#!/usr/bin/env python
# coding: utf-8

# A few weeks ago, the R community went through some handwringing about plotting packages.
# For outsiders (like me) the details aren't that important, but some brief background might be useful so we can transfer the takeaways to Python.
# The competing systems are "base R", which is the plotting system built into the language, and ggplot2, Hadley Wickham's implemntation of the grammar of graphics.
# For those interested in more details, checkout
# 
# - http://simplystatistics.org/2016/02/11/why-i-dont-use-ggplot2/
# - http://varianceexplained.org/r/why-I-use-ggplot2/
# - http://flowingdata.com/2016/03/22/comparing-ggplot2-and-r-base-graphics/
# 
# The most important takeaways, are that
# 
# 1. Either system is capable of producing anything the other can
# 2. ggplot is usually better for exploratory analysis
# 
# Item 2 is not universally agreed upon, and it certainly isn't true for every type of chart, but I'm going to use it as fact for now.
# 
# I'm not foolish enough to attempt a formal analogy here, like matplotlib is python's base R.
# But there's at least a rough comparison:
# like ggplot2, the combination of pandas and seaborn allows for fast iteration and exploration. You can quickly explore a dataset and transformations of that dataset.
# When you need to, you can "drop down" into matplotlib for further refinement.

# # Overview
# 
# Here's a brief sketch of the plotting landscape as of April 2016.
# For some reason, plotting tools feel a bit more personal than other parts of this series so far, so I feel the need to blanket this who discussion in a cavet: this is my personal take, shaped by my personal background and tastes, on how to handle plotting in Python.

# ## [Matplotlib](http://matplotlib.org/)
# 
# Matplotlib is an amazing project, and is the foundation of pandas' built-in plotting and Seaborn.
# Matplotlib handles everything from the actual drawing to the screen, to several APIs of various levels.
# I've found knowing the [pyplot api](http://matplotlib.org/api/pyplot_api.html) useful.
# You're less likely to need things like [Transforms](http://matplotlib.org/users/transforms_tutorial.html) or [artists](http://matplotlib.org/api/artist_api.html), but when you do the documentation is there.
# I'll typically start with a pandas or seaborn plot, and then make adjustments with the pyplot API.
# 
# ## [Pandas' builtin-plotting](http://pandas.pydata.org/pandas-docs/version/0.18.0/visualization.html)
# 
# `DataFrame` and `Series` have a `.plot` namespace, with various chart types available (`line`, `hist`, `scatter`, etc.).
# Pandas objects additional metadata available that can be used to enhance plots (the Index for a better automatic x-axis then `range(n)` or Index names as axis labels for example).
# 
# And since pandas had fewer backwards compatability constraints, it had a bit better default aesthetics, though matplotlib is addressing this in [matplotlib 2.0](http://matplotlib.org/style_changes.html).
# 
# At this point, I see pandas `DataFrame.plot` as a useful exploratory tool for quick throwaway plots.
# 
# ## [Seaborn](https://stanford.edu/~mwaskom/software/seaborn/)
# 
# [Seaborn](https://stanford.edu/~mwaskom/software/seaborn/), created by Michael Waskom, "provides a high-level interface for drawing attractive statistical graphics." Seaborn gives a great API for quickly exploring different visual representations of your data.
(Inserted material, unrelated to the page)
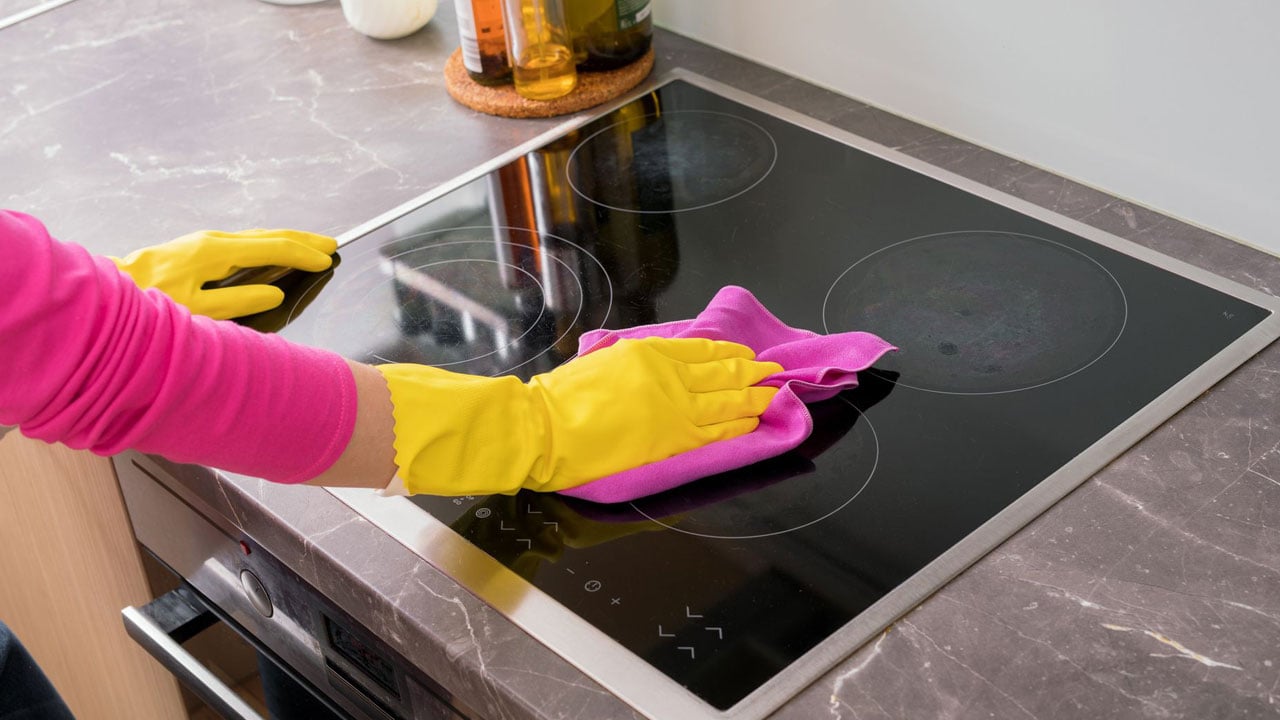 Yıllardır yanlış temizliyoruz! Cam ocak parlamıyorsa nedeni bu olabilir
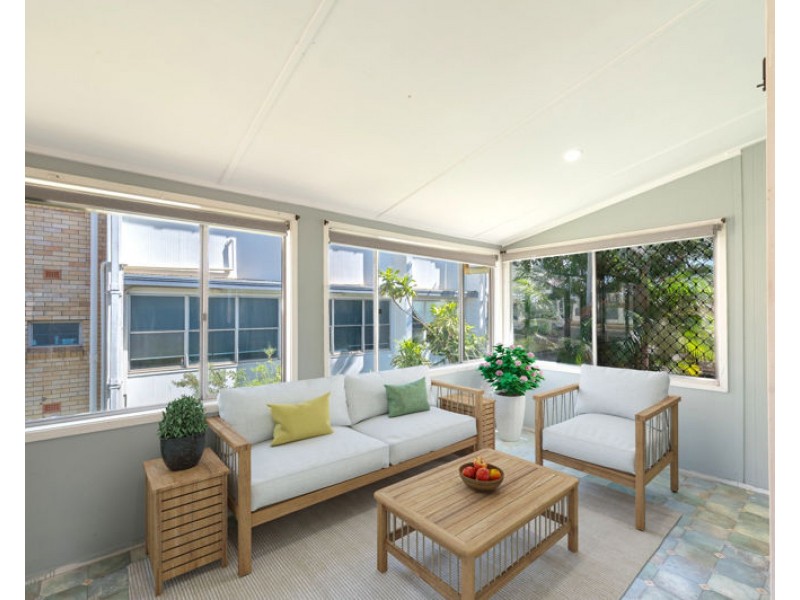 64 Toolooa Street, South Gladstone QLD 4680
We'll be focusing on that today
# 
# ## [Bokeh](http://bokeh.pydata.org/en/latest/)
# 
# [Bokeh](http://bokeh.pydata.org/en/latest/) is a (still under heavy development) visualiztion library that targets the browser.
# 
# Like matplotlib, Bokeh has a few APIs at various levels of abstraction.
# They have a glyph API, which I suppose is most similar to matplotlib's Artists API, for drawing single or arrays of glpyhs (circles, rectangles, polygons, etc.).
# More recently they introduced a Charts API, for producing canned charts from data structures like dicts or DataFrames.
# 
# ## Other Libraries
# 
# This is a (probably incomplete) list of other visualization libraries that I don't know enough about to comment on
# 
# - [Lightning](http://lightning-viz.org/)
# - [HoloViews](http://holoviews.org/)
# - [Glueviz](http://www.glueviz.org/en/stable/)
# - [vispy](http://vispy.org/)
# - [bqplot](https://github.com/bloomberg/bqplot)

# # Examples

# We'll use the `diamonds` dataset from ggplot2.
# You could use Vincent Arelbundock's RDatasets to find it (`pd.read_csv('http://vincentarelbundock.github.io/Rdatasets/csv/ggplot2/diamonds.csv')`), but I wanted to checkout [feather](https://github.com/wesm/feather).

# In[1]:


get_ipython().run_line_magic('load_ext', 'rpy2.ipython')


# In[2]:


get_ipython().run_cell_magic('R', '', "suppressPackageStartupMessages(library(ggplot2))\nlibrary(feather)\nwrite_feather(diamonds, 'diamonds.fthr')\n")


# In[66]:


import feather
df = feather.read_dataframe('diamonds.fthr')
df.head()


# In[4]:


df.info()


# In[5]:


import bokeh.charts as bc
import bokeh.plotting as bk


# In[6]:


from bokeh.plotting import figure
from bokeh.embed import components


# Bokeh provides two APIs, a low-level glyph API and a higher-level Charts API.

# In[7]:


fig = (df.assign(xy = df.x / df.y)
         .sample(n=500)
         .pipe(bc.Scatter, "xy", "price"))
bk.show(fig)


# In[52]:


script, div = components(fig)


# In[53]:


with open('../content/images/script.js', 'w') as f:
    f.write(script)
    
with open('../content/images/div.js', 'w') as f:
    f.write(div)


# It's not clear to me where the scientific community will come down on Bokeh for exploratory analysis.
# The ability to share interactive graphics is compelling.
# Personally, I have a lot of intertia in matplotlib that I haven't switched to Bokeh for day-to-day exploratory analysis.
# 
# I have greatly enjoyed Bokeh for building dashboards and [webapps](http://bokeh.pydata.org/en/latest/docs/user_guide/interaction.html) with bokeh server.
# It's still young, and I've hit [some rough edges](http://stackoverflow.com/questions/36610328/control-bokeh-plot-state-with-http-request).
# The Bokeh team is trying to bridge a tough space.

# In[8]:


sns.set(context='talk', style='ticks')

get_ipython().run_line_magic('matplotlib', 'inline')


# # Matplotlib

# Since it's relatively new, I should point out that matplotlib 1.5 added support for plotting labeled data.

# In[12]:


fig, ax = plt.subplots()

ax.scatter(x='carat', y='depth', data=df, c='k', alpha=.15)
plt.savefig('../content/images/mpl-scatter.png', transparent=True)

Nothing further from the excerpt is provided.